Roles of the Cropland and Pastures Agency

  • Acquire land for farmland and pastures on the community’s behalf
  • Facilitate farming on the community land
  • Monitor farming methods to ensure compliance with standards
  • Training farmers and contractors

Cropland and pasture acquisition

The land that the community uses for its needs – building its physical campus, food production, raw materials, transport, and mining – is acquired with the help of capital investment from the Capital Bank (agency 8), and with loans from the bank agencies. The Cropland and Pastures Agency is loaned funds by the Community Bank Agency (agency 7). The Capital Bank loans the Built-up Area and Utilities Agency (agency 23), while the Commercial Bank (agency 9) loans the Raw Materials and Transport Agency (agency 24).

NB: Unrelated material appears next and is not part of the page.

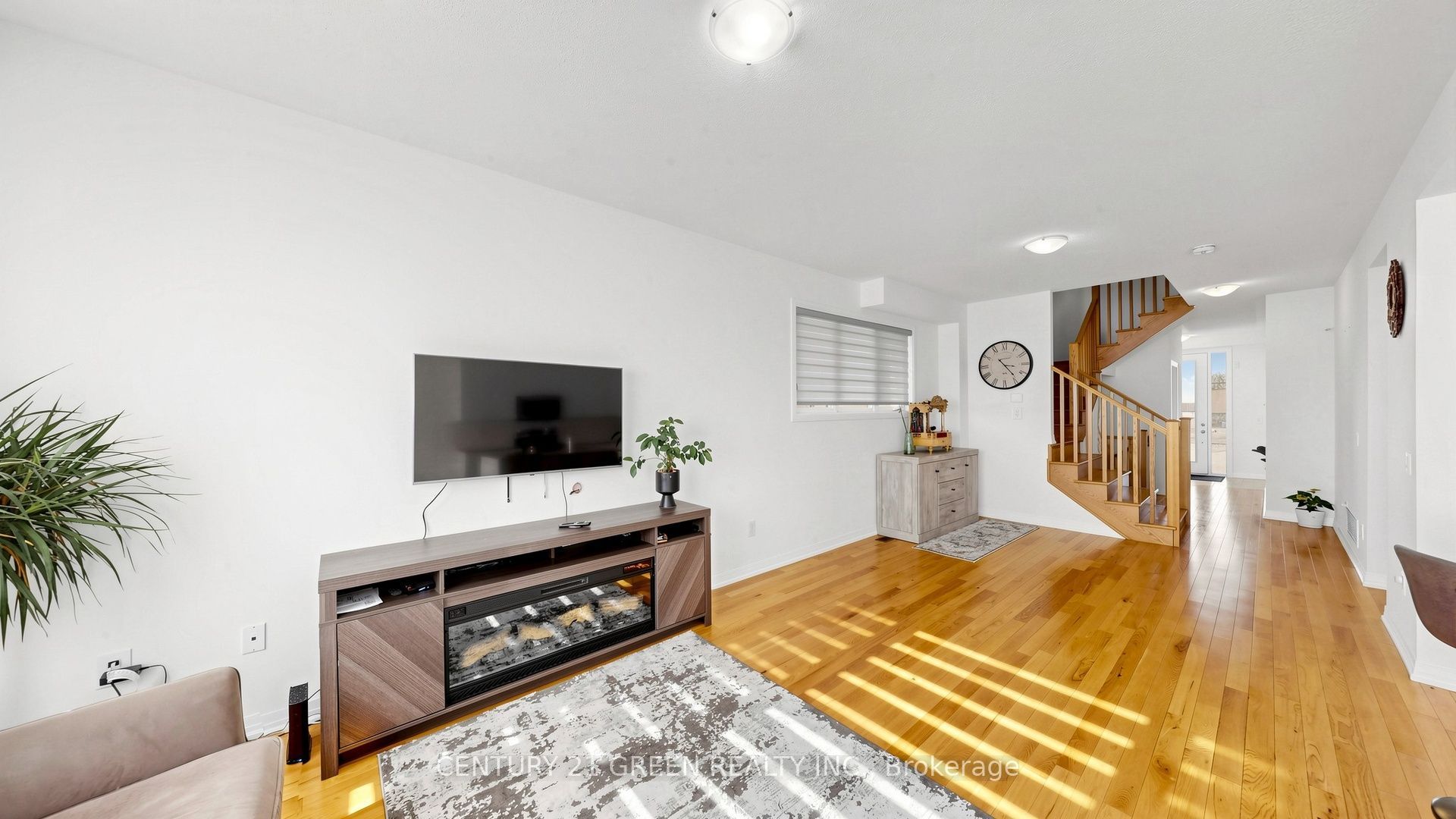 135 Fairey Crescent Property Photo 7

The three agencies work together to acquire the right land and develop it according to the plan. Once this is done, the Cropland and Pastures Agency further develops agricultural blocks and pastures where necessary to make them fit for farming activities. This includes fitting irrigation systems and water management facilities as needed and available, and soil testing to establish which areas may need additional farm inputs to make them fit for crop cultivation, among others.

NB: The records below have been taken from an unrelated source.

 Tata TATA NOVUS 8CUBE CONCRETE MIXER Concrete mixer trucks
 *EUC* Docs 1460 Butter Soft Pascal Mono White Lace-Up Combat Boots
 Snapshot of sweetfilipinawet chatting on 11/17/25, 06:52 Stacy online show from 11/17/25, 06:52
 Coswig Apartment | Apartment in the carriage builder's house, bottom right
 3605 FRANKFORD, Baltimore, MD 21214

Due to the geographical or climatic circumstances in an area, a community may need more or less land to feed the same number of people. The agency works out how much land is needed during the acquisition process, and also determines how the land will be utilized when growing food, animal feed, and pasture.1 The community through the agency acquires extensive amounts of land as may be needed to optimally produce food, regenerate the soil, and accommodate other environmental demands.

Facilitating farming

With the land acquired and the necessary infrastructure in place, the Cropland and Pastures Agency leases the land to farmers to produce food. Farmers are current or upcoming limited partners with extensive knowledge of farming. They should be able to provide food in the required quantities, quality, and variety as needed to sustain a healthy lifestyle in the community.

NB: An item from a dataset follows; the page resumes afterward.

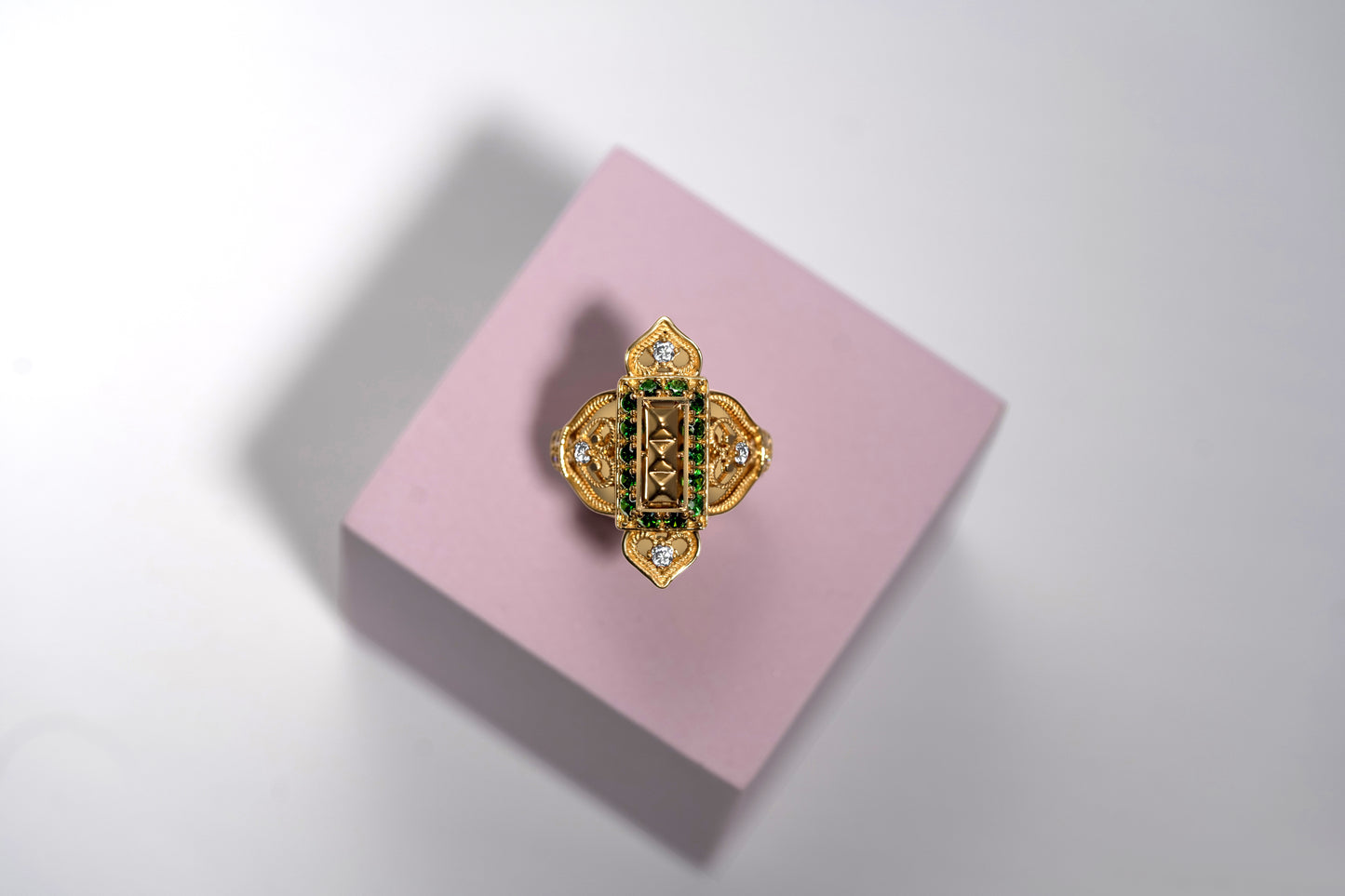 Turath Collection: 21k Ring - Colorful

The agency issues farmers with leases that are renewable upon satisfactory performance. Leases depend on the duration within which a farmer’s performance can be assessed fairly. For instance, the lease to a farmer growing wheat will be different from another farmer’s, who intends to produce avocadoes.

Land is competitively allocated based on availability, the farmer’s experience and capability, and their business plan. The agency can in some instances give a farmer a trial run to determine whether they can assure optimal production, before allocating them more land or withdrawing a lease.

Indoor and controlled environment agriculture, using greenhouses, vertical farms, and aquaponic farms are located in the mirrored villages. These farms are owned and leased out by the Cropland and Pastures Agency to professional farmers. The farms focus on fresh produce – vegetables, and herbs, for instance. Storage of grains is also done in silos located in these mirrored villages.

Large-scale agriculture, producing grain and other crops that require large-scale production to be economically viable is practiced beyond the mirrored villages. Large farms are located a maximum of 10 miles from the community’s built-up area (residential area). Farmers can easily commute to and from their apartments to the farms and back daily.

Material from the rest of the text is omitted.